Waitrose lost its position as the country’s sixth-largest food retailer to Aldi earlier this year, and the expansion of Aldi and its fellow German discounter Lidl shows little sign of abating.
Lidl wants to open dozens of new stores in Waitrose’s upmarket London heartland. This includes shops in Chelsea, Notting Hill and Highgate, some of the capital’s wealthiest areas. Lidl plans to open 281 stores inside the M25 as part of plans to more than double in size to as many as 1,500 UK shops within the next decade.
At the same time, the big four are closing shops and scrapping plans to open new supermarkets. As well as shutting 11 stores, Morrisons intends to open only two more shops in Britain after scrapping two-thirds of the projects in its pipeline.
David Potts, the new chief executive of Morrisons, has also pulled the retailer out of high street convenience stores. On Wednesday, Morrisons announced it had sold 140 of its M Local stores for £25m, describing its small stores as a “distraction”.
Potts, who replaced the sacked Dalton Philips in March, warned it would take years to turn around Morrisons and that it must be done “shelf by shelf, store by store”.
“This is a long and important journey. It will take years, not months,” he said.
“There is much affection for the Morrisons brand, albeit that affection has been challenged. If we listen to our customers, they say our identity has become quite blurred over the years.”
Morrisons’ pretax profits fell from £239m to £126m in the six months to 2 August. The year-on-year drop was driven by a 2.7% decline in like-for-like sales.
Potts is aiming to get Morrisons back on track by tailoring the products in each supermarket to the demands of the local community, adding 5,000 staff to stores, making the company’s pricing and promotions simpler, and introducing new in-store services such as mobile phone repairs.
Morrisons also intends to grow its online grocery service, which is run by rival Ocado. Potts said the deal with Ocado was part of a “broader digital opportunity” for Morrisons, with the retailer looking to expand the service to Scotland and launch a click-and-collect option.
John Ibbotson, analyst at consultantcy Retail Vision, said: “Morrisons has consistently been behind the game. Late to online and with a high-cost operation, late to convenience and then selling out, late expansion in the rich south and now under threat from the discounters in its northern heartland.
“Morrisons says in its latest results that the turnaround will take time, but how much time has it got? This is a retailer that is ripe for takeover.”
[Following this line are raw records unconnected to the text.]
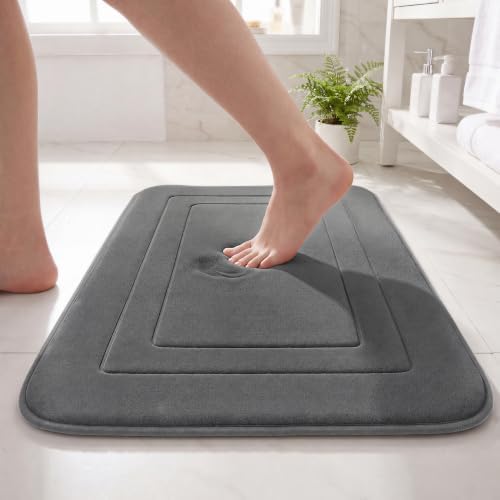 Cupic Cupid Memory Foam Bath Mat 24"×36", Non Slip Bathroom Rugs, Deep Gray by CupicCupid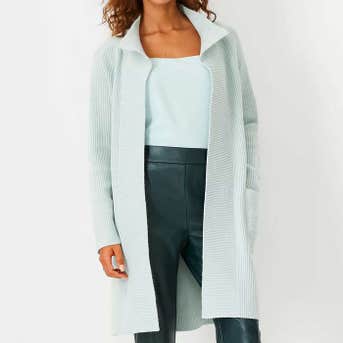 Ann Taylor Belted Ribbed Coatigan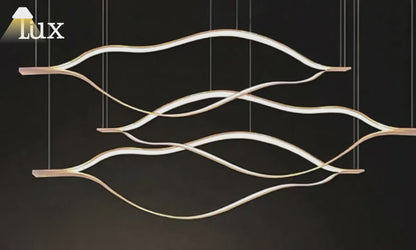 Velora Modern Linear Pendant Light - Gold Metal Hanging Fixture for Living Room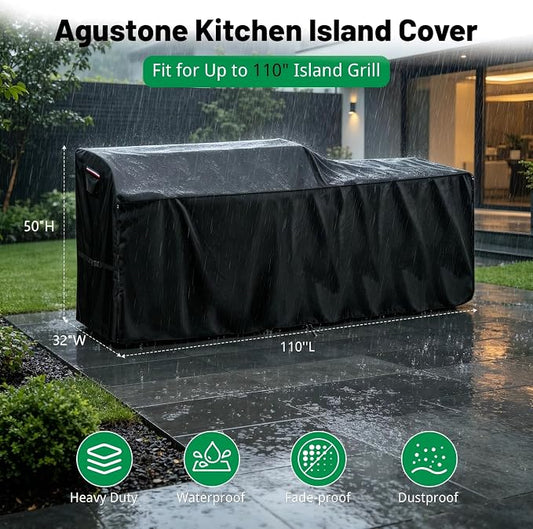 110 Inch Island Grill Cover, Outdoor BBQ Island Waterproof Cover | Heavy Duty Outdoor Large Kitchen Covers for Patio BBQ, 110"L x 32"W x 50"H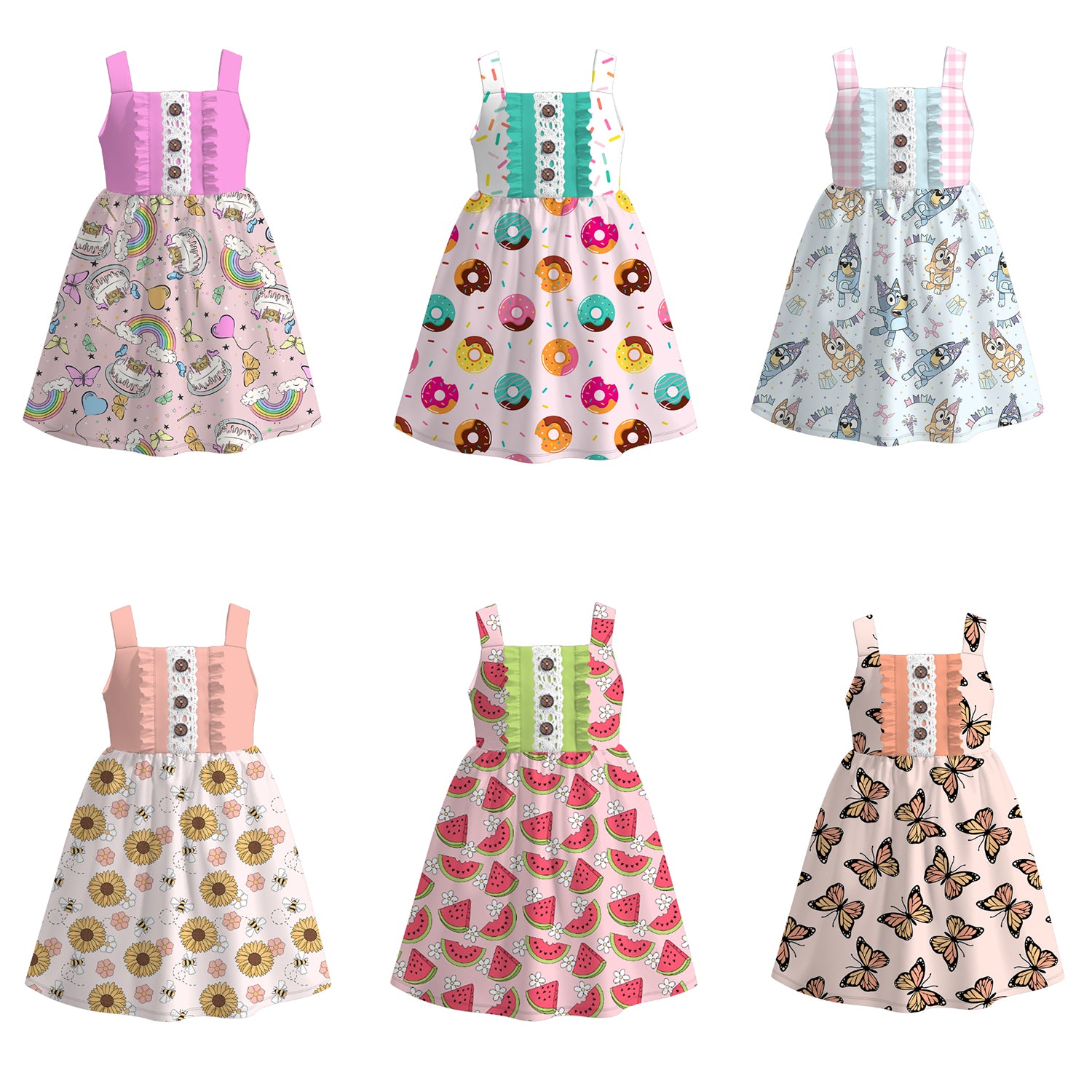 (Pre Order)Girls Summer Ruffled Button Dress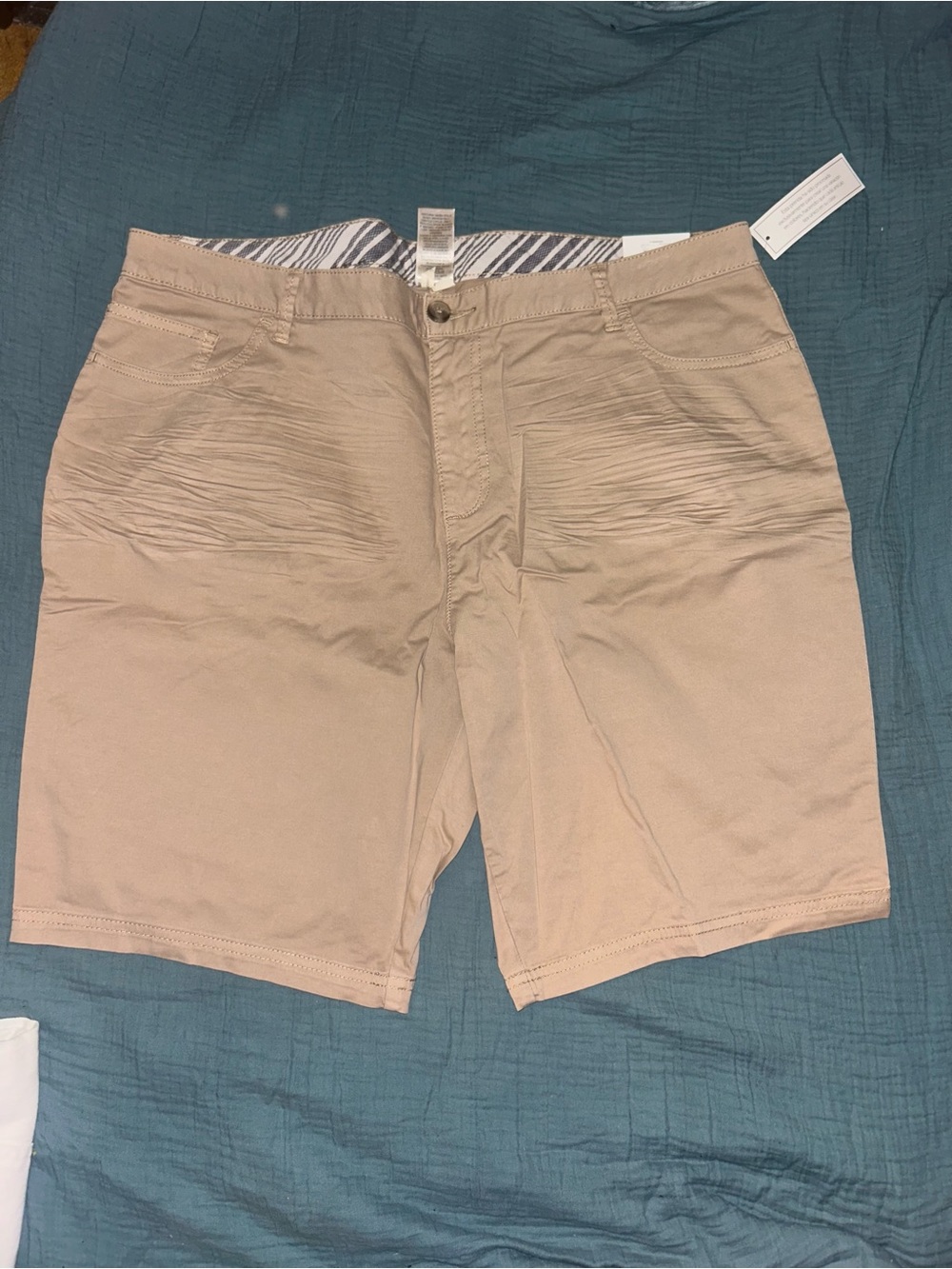 Tan Bermuda mid rise slim fit shorts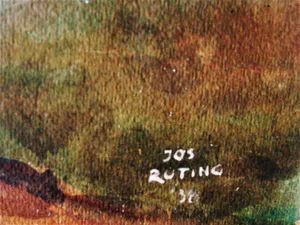 Jos Ruting - Mooie, in 1938 geschilderde Gouache "Magnolia in vensterbank" gesigneerd kopen? Bied vanaf 34!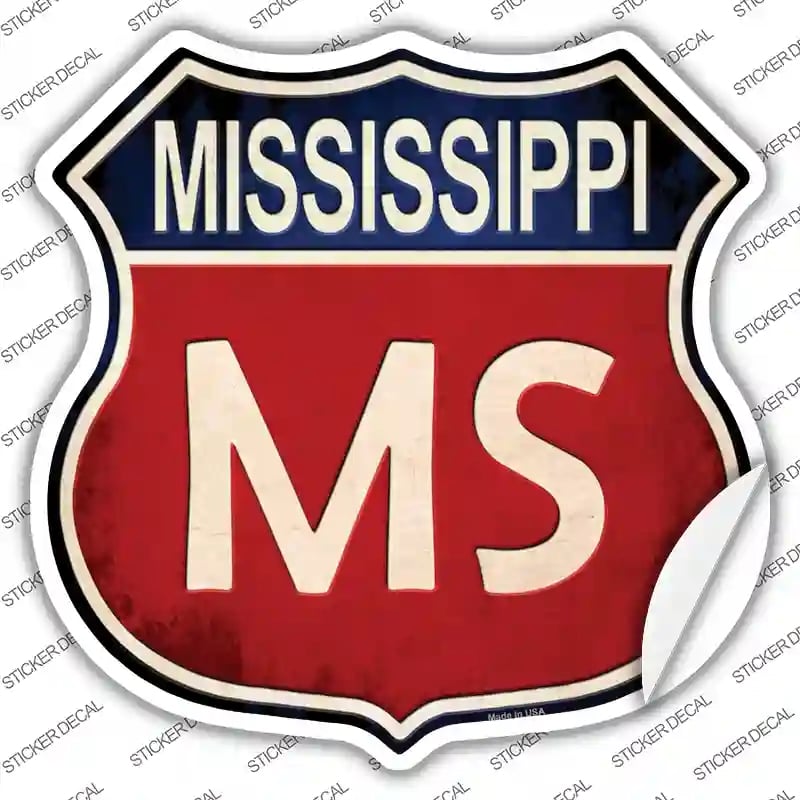 HS-519s-XL Mississippi Novelty Highway Shield Sticker Decal - Extra Large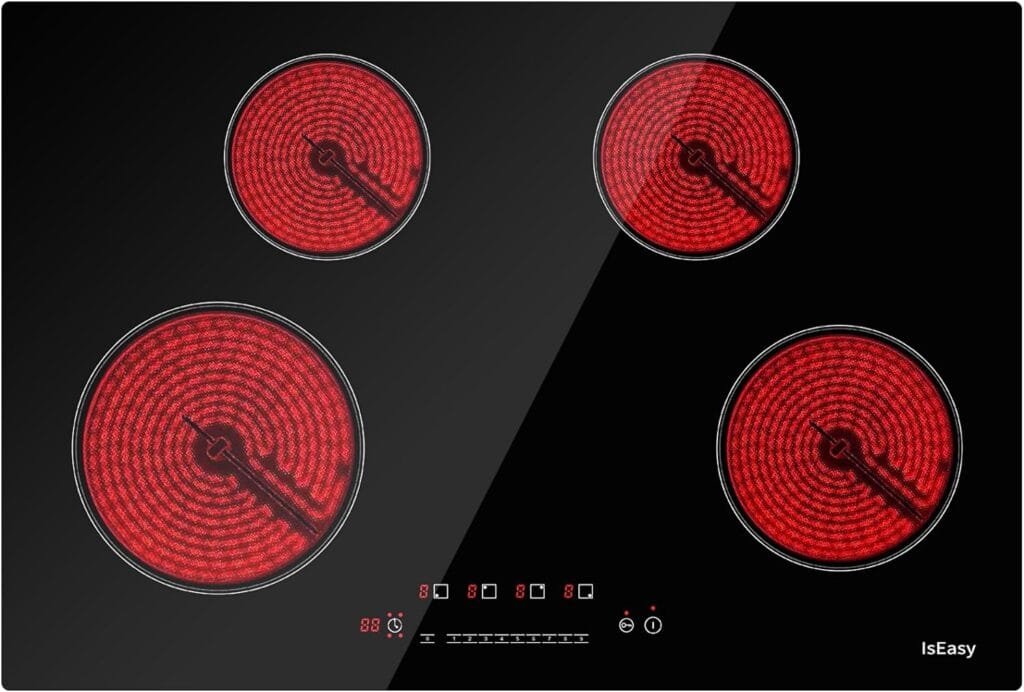 Electric Cooktop 30 inch Ceramic Stove 4 Burners Built-in Stove Top Electric Hot Plate Satin Glass cooktop in Black Touch Sensor Control/Timer/Child Safety Lock/9 Power Levelsr/220-240V 6700W Electric Cooktop 30 inch Ceramic Stove 4 Burners Built-in Stove Top Electric Hot Plate Satin Glass cooktop in Black Touch Sensor Control/Timer/Child Safety Lock/9 Power Levelsr/220-240V 6700W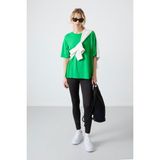 Tommy Life Yeşil Penye Modal Yumuşak Tuşeli Oversize Fit Basic Kadın T-Shirt- 97285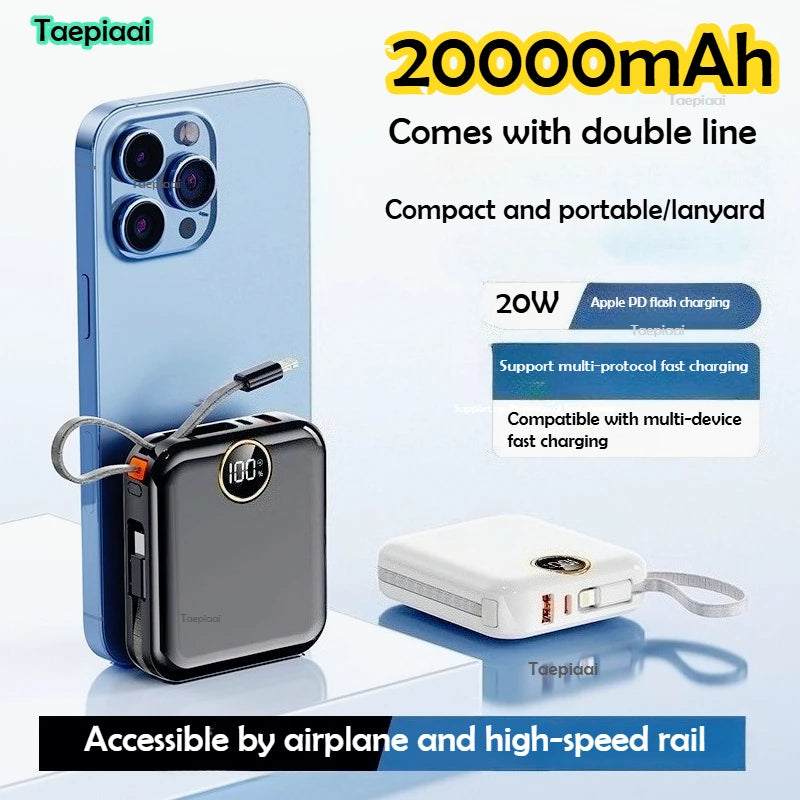 [Flame-Retardant Power Bank] PD20 22.5W 20000mAh Display Fast Portable Auxiliary Battery Type-C Lcd Capacity Indicator PowerBank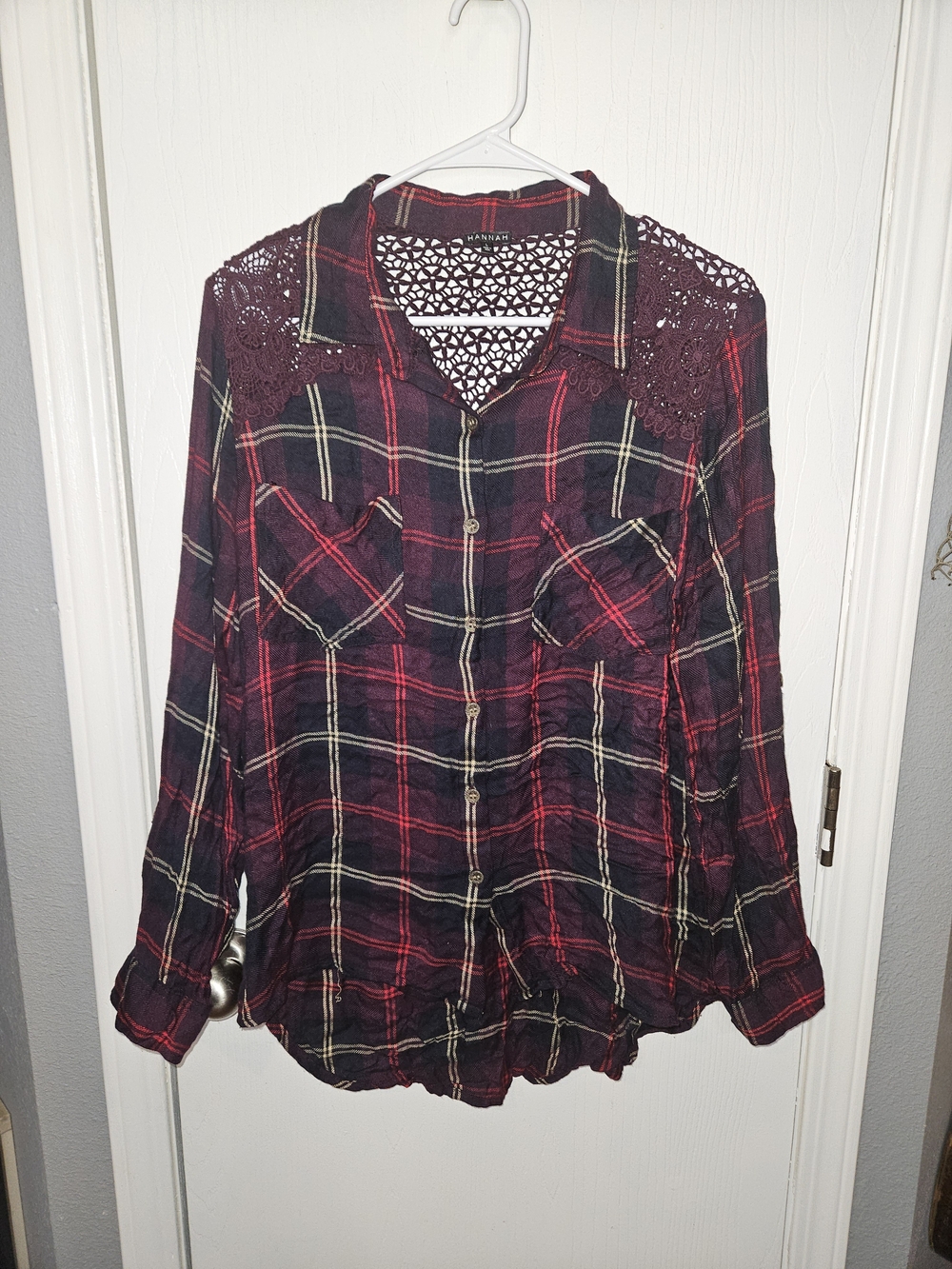 Hannah Burgundy Plaid Button-Down Shirt with Lace Yoke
The grocer could face further pressure on its profits from the introduction of the national living wage, which Potts said would cost “tens of millions” of pounds to implement. Morrisons has almost 119,000 UK staff.
Although Waitrose also suffered a fall in sales, its operating profits at least rose by 0.6% to £136m. This means its profits are now larger than Morrisons, despite the FTSE 100 company generating almost three times more in sales than Waitrose.
“We are pleased with the trajectory we are on,” Mark Price, the managing director of Waitrose sales, said. “We want to move on from where we are, but in this market that won’t be easy.”
However, JLP as a whole, including John Lewis, suffered a sharp fall in profits due to higher pension costs and redundancy payments to staff in distribution centres.
JLP reported a 26% fall in pretax profits before one-off items to £96m in the six months to 1 August.
More than 250 jobs are at risk at John Lewis as it closes three distribution centres in Milton Keynes, one in Stevenage, and one in Carlisle. Workers at the depots have been offered jobs elsewhere in JLP, but the group has booked potential redundancy costs as a £4m restructuring charge in its accounts.
The retailer also warned in its results that pension costs have ballooned by £60m as it battles to manage a £1.2bn pension deficit.
Sir Charlie Mayfield, JLP’s chairman, said it was a difficult market for John Lewis and Waitrose but called the performance solid.
JLP operates 44 John Lewis stores and 340 Waitrose branches, employing almost 90,000 people.